C’est à Schiaparelli que revient l’honneur d’ouvrir la semaine de la haute couture parisienne. Ce lundi, la maison fait son retour au Petit Palais dont la lumière et les volumes siéent tellement au lyrisme de Daniel Roseberry, le Texan qui a réveillé cette belle endormie depuis cinq ans. Icare est le nom de ce printemps-été 2025 parce que « la haute couture est par définition une quête de la perfection (…) une lutte donquichottesque, une ascension pour atteindre un niveau d’exécution et de vision toujours plus élevé ». Jamais une collection de Roseberry n’a atteint, il est vrai, une telle excellence dans la construction comme dans les ornements.

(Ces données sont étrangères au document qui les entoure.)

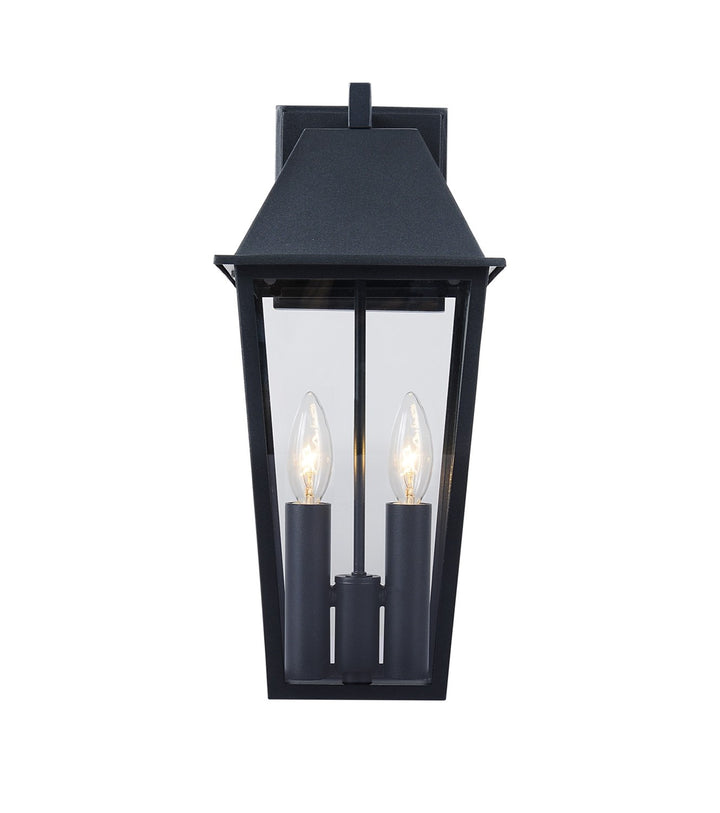 Collection 2-Light Exterior Wall Light Black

Inspiré par une boîte de rubans de chapelier datant des années 1920-1930 trouvée chez un antiquaire, le couturier en a retravaillé les couleurs de velours jaune beurre frais, pêche, abricot, safran et un bleu Art nouveau. On lit l’influence de la Belle Époque dans les bustiers-paniers, les formes sinueuses, les corps gainés donnant l’illusion de taille extra-fine à la Polaire (la vedette des caf’conc’ de la fin du XIXe siècle), dans les broderies de fleurs en émail sur la dentelle, dans cette veste festonnée de cordons passementerie s’évasant en jupe de tulle. « La plupart des techniques de broderie que nous avons employées datent du début du XXe siècle. Le point de satin, les perles japonaises, c’est un tour d’horizon de références historiques », ajoute-t-il.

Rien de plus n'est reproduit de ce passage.